SAVANNAH, GA – The Savannah College of Art and Design (SCAD) is helping to improve the lives of hospice patients using cutting-edge virtual reality (VR) technology through an ongoing initiative entitled VR for Good.
Led by SCAD’s School of Digital Media Dean Max Almy and professor Teri Yarbrow, students are creating interactive VR experiences in collaboration with Hospice Savannah and the Steward Center for Palliative Care to reduce patient pain and anxiety, and to provide a much-needed escape.
“Virtual reality is set to revolutionize the healthcare industry with applications in pain management, rehab, medical training and robotic surgery; SCAD is the preeminent source of knowledge in immersive reality platforms and stands at the forefront, developing technology and working directly with doctors to provide them with the tools they need to improve the lives of their patients,” Almy said.
Immersive reality, interactive design and game development, and animation students are creating three experiences including; "Born to Roam," a hot air balloon bucket list travel experience; "Underwater," an underwater interactive adventure; and "Apples and Anthills," a nostalgic farm experience that encourages gentle movement with the patients and can be used for physical therapy.
“I took SCAD's VR for Good class because I wanted to do exactly that — I wanted to do something good,” said Richon Watson, (B.F.A., interactive design and game development, 2020). “It was even more exciting for me that I could take my talents and the skills I have built throughout my years at SCAD and do something that is actually going to help people and go out there into the real world. Even more importantly, I'm doing something that helps people have a better life experience, even if it is toward the end of it, and that's a valuable experience for me.”
“Ultimately, the word for it is fulfilling; as a creative I can make an impact while I am still a student,” said Erin Miller (B.F.A., immersive reality). “That's something I could only dream of before coming to SCAD. VR for Good is an amazing opportunity to integrate VR into healthcare. I don't see this opportunity at any other university.”

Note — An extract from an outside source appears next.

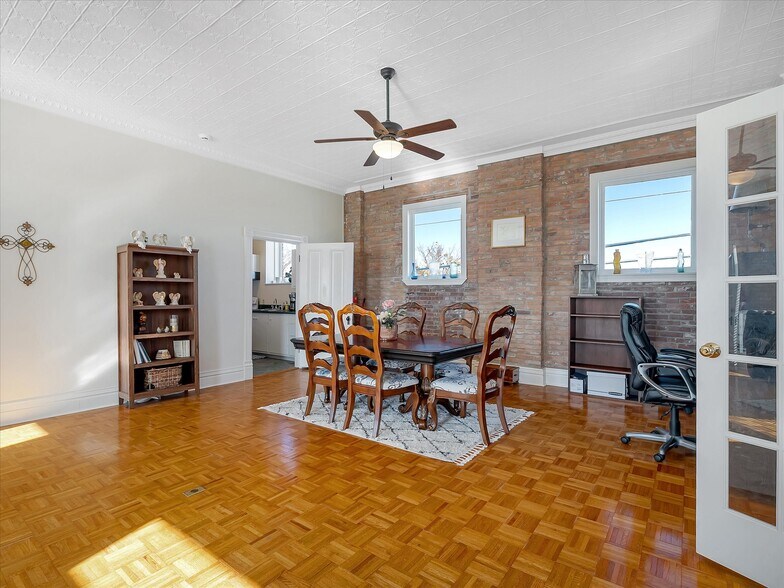 More Photos Of 411 Maple Ln, Hillsboro Office Residential For Sale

“In the midst of a pandemic, to bring all of these students together and engage them in making a contribution and focusing on something positive has been really an amazing experience,” said Yarbrow.

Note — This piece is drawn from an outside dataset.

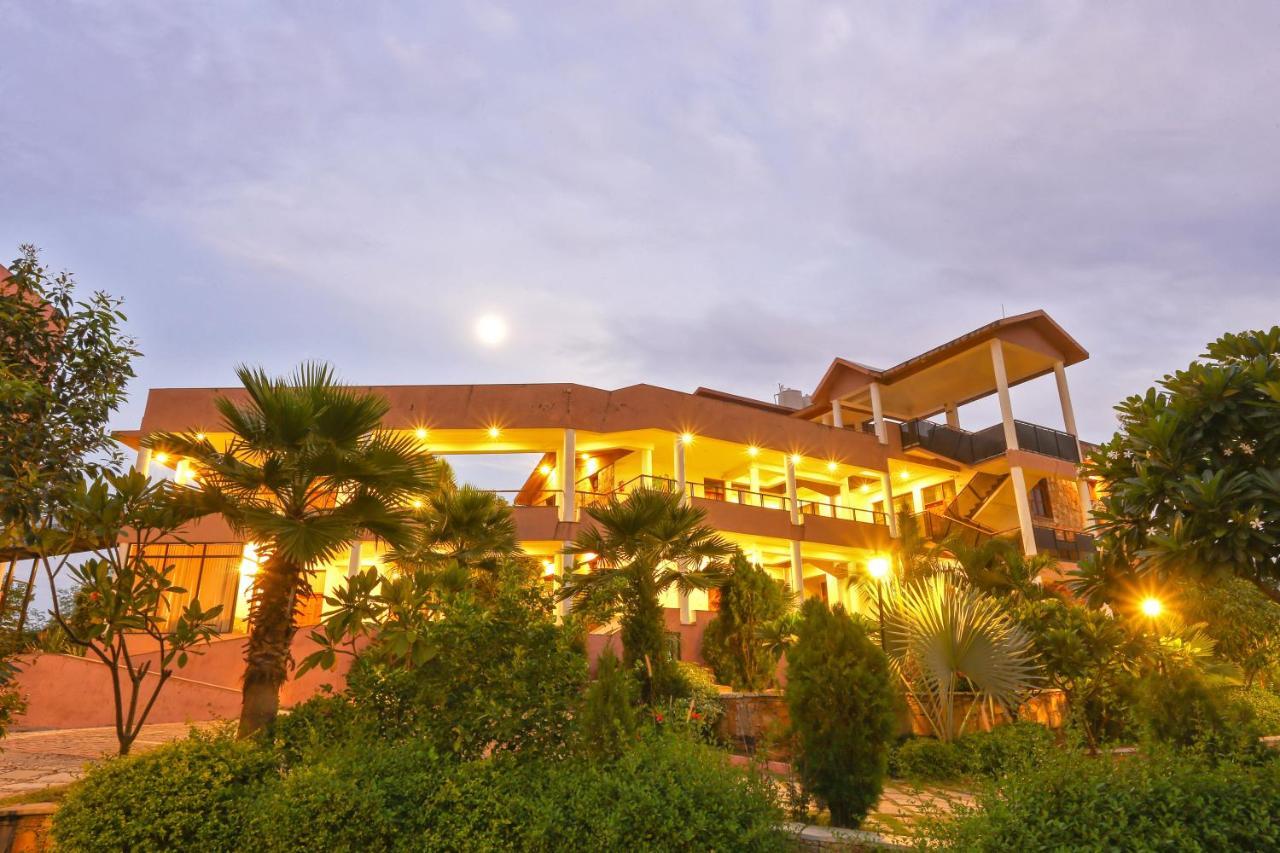 Palm Valley By Skua World Resort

SCAD’s partnership with Hospice Savannah began in 2019 with its President and CEO Dr. Kathleen Benton. As leader of one of the oldest and most progressive hospice centers in the country, Benton believes the VR for Good initiative is as important as musical and massage therapy in reducing pain and opioid use.
Benton’s brother received an honorary degree from SCAD President and Founder Paula Wallace in 2016 shortly before he passed away from a life-threatening illness. The Daniel DeLoach Memorial Fund, created in her brother’s memory, is helping to fund the necessary VR equipment for Hospice Savannah patients.
“We are seeing that beautiful community go beyond SCAD and Hospice Savannah — these students are from all over the world and they are working in sync for the good of others. They are an example to society that this is a time when we put our heads together and hold hands and work together to do good for others because quite frankly, that may be what gets us through times of hard mental health,” said Benton. “There really is nothing like being driven by altruism. It's not about success; it's so much more than that. I think these students are an example to the world right now of the good that we should find.”